- [INPUT DATA]:
╭──

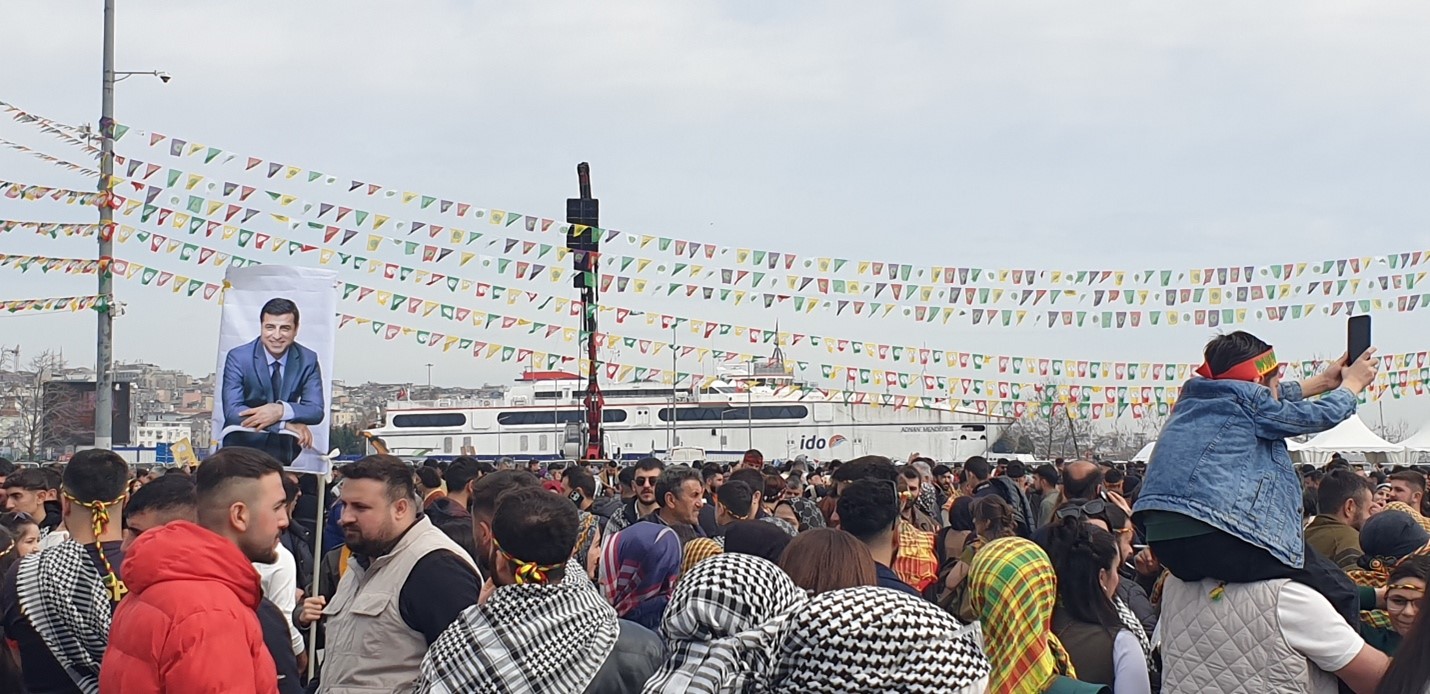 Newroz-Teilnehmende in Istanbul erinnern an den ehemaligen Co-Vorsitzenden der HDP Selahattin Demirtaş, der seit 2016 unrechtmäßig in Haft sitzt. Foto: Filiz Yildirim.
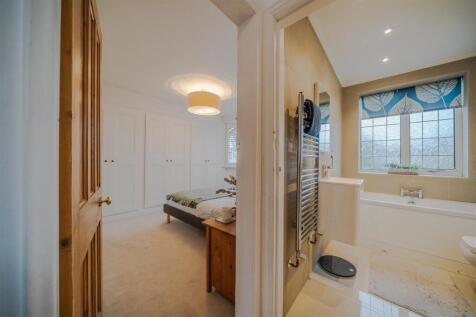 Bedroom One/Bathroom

╰──
╭──

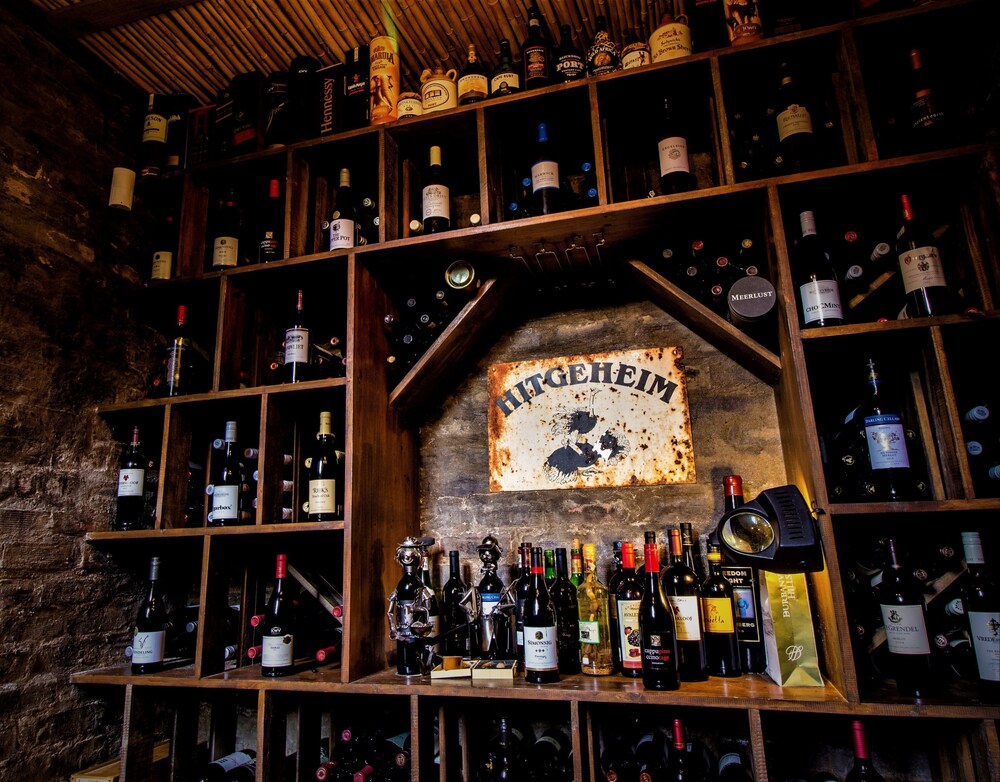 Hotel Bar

╰──
╭──

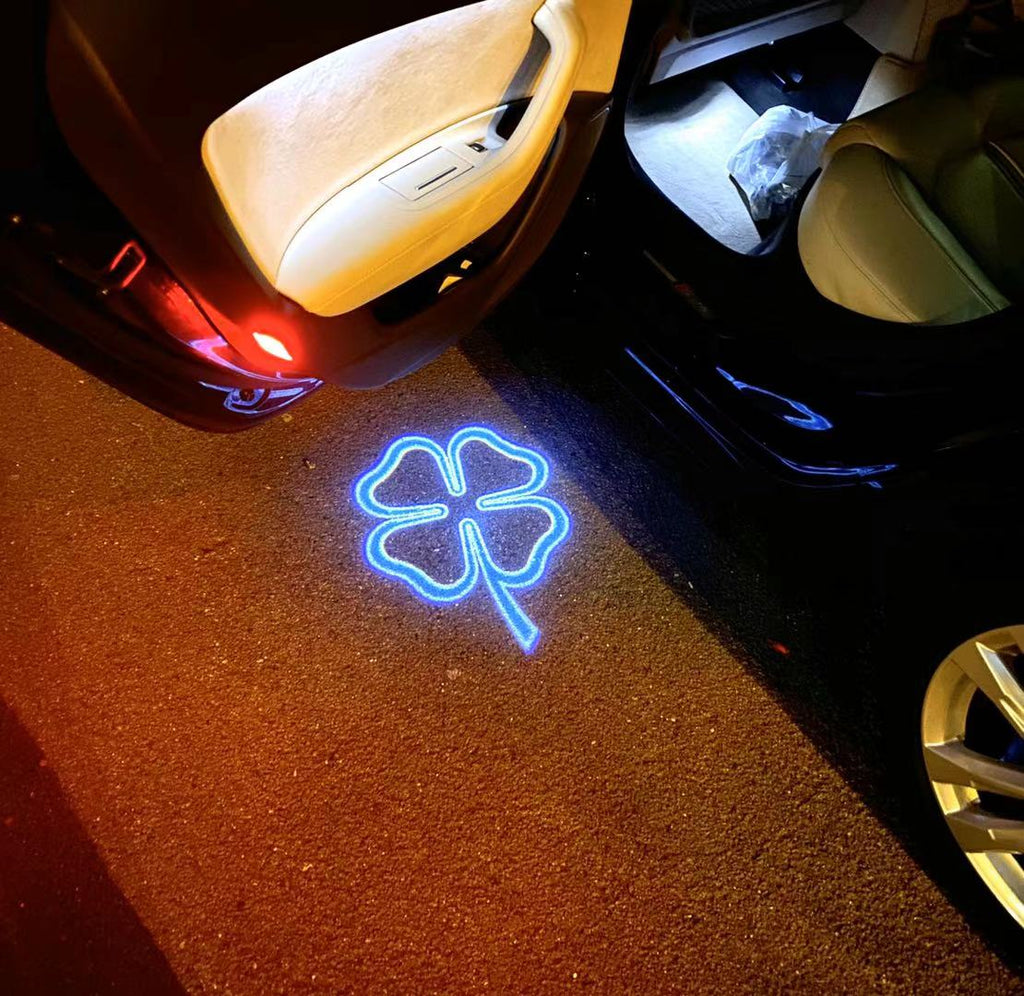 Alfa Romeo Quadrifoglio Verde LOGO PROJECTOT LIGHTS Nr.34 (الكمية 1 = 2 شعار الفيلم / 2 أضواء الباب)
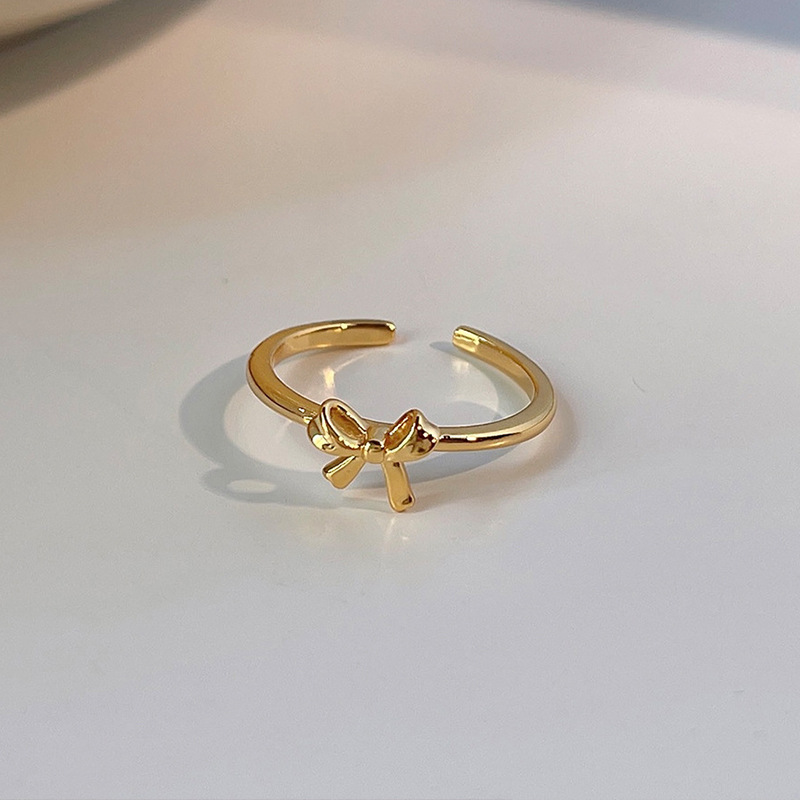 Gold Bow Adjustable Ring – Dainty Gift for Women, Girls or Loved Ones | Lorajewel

╰──

- [PROBLEM REQUIREMENTS]: Please print the lines above word for word, starting at the one with "Newroz-Teilnehmende in Istanbul" and ending at the one with "Bedroom One/Bathroom", both included, and without any picture.

- [REPLY TO THE TASK]:
 Newroz-Teilnehmende in Istanbul erinnern an den ehemaligen Co-Vorsitzenden der HDP Selahattin Demirtaş, der seit 2016 unrechtmäßig in Haft sitzt. Foto: Filiz Yildirim.
 Bedroom One/Bathroom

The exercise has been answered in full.